** Records shown follows **
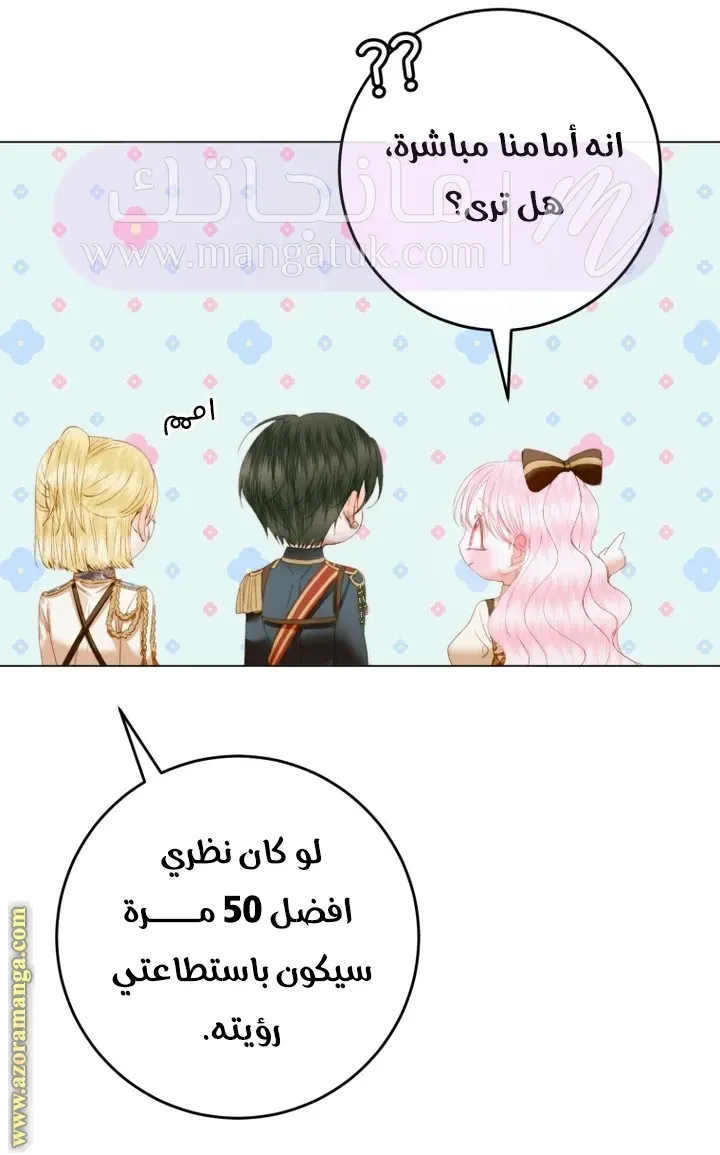الصفحة 25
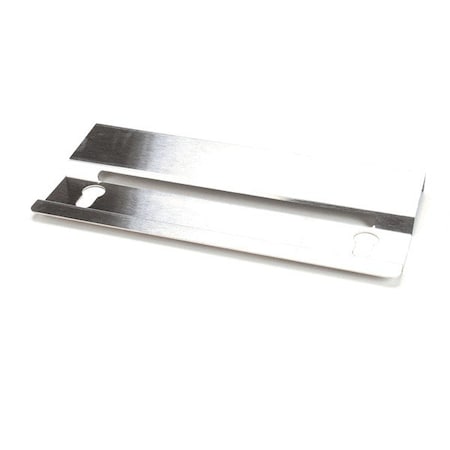 Pitco Bskt Hgr, Extra High Sg1 4 A1105502-C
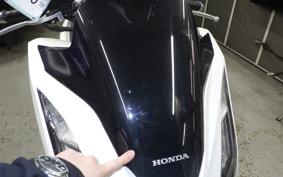 HONDA PCX 160 2022 KF47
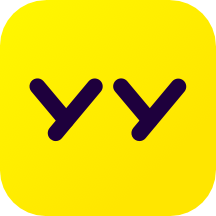 yy直播手機版(YY)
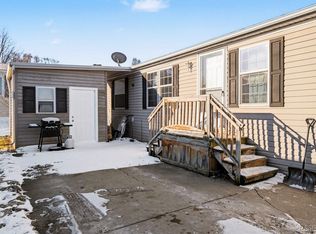 2055 Cedar Cir, Clio, MI 48420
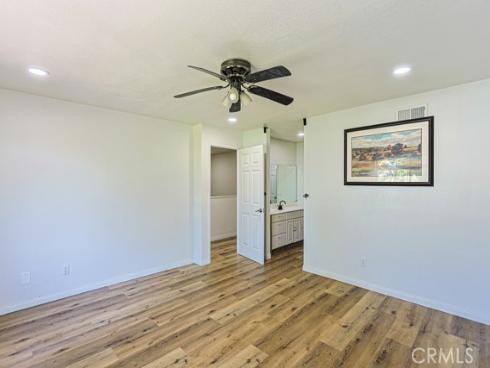 3440 W Park Balboa , Orange, CA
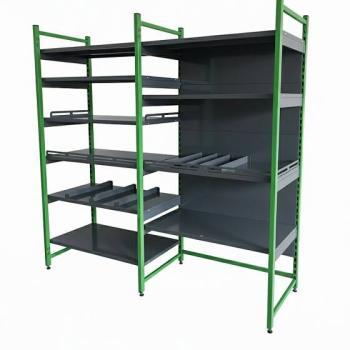 magazynowe-i-warsztatowe-03 magazynowe-i-warsztatowe-03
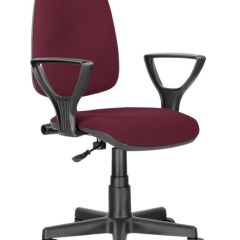 Кресло BRABIX "Prestige Ergo MG-311", 532422 в Заречном - zarechnyy.mebel24.online | фото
** End of Records shown **
Pictures aside, repeat every line of the data above exactly.

الصفحة 25
 Pitco Bskt Hgr, Extra High Sg1 4 A1105502-C
 HONDA PCX 160 2022 KF47
 yy直播手機版(YY)
 2055 Cedar Cir, Clio, MI 48420
 3440 W Park Balboa , Orange, CA
 magazynowe-i-warsztatowe-03 magazynowe-i-warsztatowe-03
 Кресло BRABIX "Prestige Ergo MG-311", 532422 в Заречном - zarechnyy.mebel24.online | фото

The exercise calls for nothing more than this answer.